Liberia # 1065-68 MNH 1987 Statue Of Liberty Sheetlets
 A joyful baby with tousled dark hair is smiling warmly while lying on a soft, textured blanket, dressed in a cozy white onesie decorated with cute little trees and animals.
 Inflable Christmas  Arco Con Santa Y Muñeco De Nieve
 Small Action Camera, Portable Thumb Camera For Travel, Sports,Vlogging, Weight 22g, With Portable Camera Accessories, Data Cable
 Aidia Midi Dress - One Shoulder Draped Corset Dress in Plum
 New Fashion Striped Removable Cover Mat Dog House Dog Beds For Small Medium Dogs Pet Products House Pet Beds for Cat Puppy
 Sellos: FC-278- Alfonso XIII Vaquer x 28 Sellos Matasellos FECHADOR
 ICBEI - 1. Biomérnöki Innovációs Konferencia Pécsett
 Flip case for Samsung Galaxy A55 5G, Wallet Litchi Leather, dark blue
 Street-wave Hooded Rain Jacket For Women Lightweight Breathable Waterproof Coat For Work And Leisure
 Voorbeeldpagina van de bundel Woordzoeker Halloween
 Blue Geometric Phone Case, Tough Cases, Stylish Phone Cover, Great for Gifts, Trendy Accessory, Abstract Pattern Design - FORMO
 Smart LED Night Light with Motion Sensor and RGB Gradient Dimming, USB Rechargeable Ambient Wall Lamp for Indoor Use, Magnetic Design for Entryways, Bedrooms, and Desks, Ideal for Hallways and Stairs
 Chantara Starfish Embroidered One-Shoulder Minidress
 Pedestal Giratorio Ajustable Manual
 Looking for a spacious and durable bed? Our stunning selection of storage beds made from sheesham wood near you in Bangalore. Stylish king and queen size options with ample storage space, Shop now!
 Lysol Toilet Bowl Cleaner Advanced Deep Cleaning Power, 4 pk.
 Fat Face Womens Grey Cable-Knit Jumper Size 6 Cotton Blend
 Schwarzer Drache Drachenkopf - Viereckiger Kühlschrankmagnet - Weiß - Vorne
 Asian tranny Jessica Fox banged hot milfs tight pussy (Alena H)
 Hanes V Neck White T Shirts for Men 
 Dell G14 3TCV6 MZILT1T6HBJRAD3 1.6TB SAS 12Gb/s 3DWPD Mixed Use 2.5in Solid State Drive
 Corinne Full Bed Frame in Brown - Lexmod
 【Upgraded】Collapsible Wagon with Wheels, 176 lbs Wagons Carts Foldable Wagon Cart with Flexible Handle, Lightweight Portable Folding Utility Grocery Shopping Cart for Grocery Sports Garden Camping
▬▬▬▬▬▬
• _Work to complete_
Lines that contain the string "Cable" should be copied from the material above.

• _Problem solution_
 Small Action Camera, Portable Thumb Camera For Travel, Sports,Vlogging, Weight 22g, With Portable Camera Accessories, Data Cable
 Fat Face Womens Grey Cable-Knit Jumper Size 6 Cotton Blend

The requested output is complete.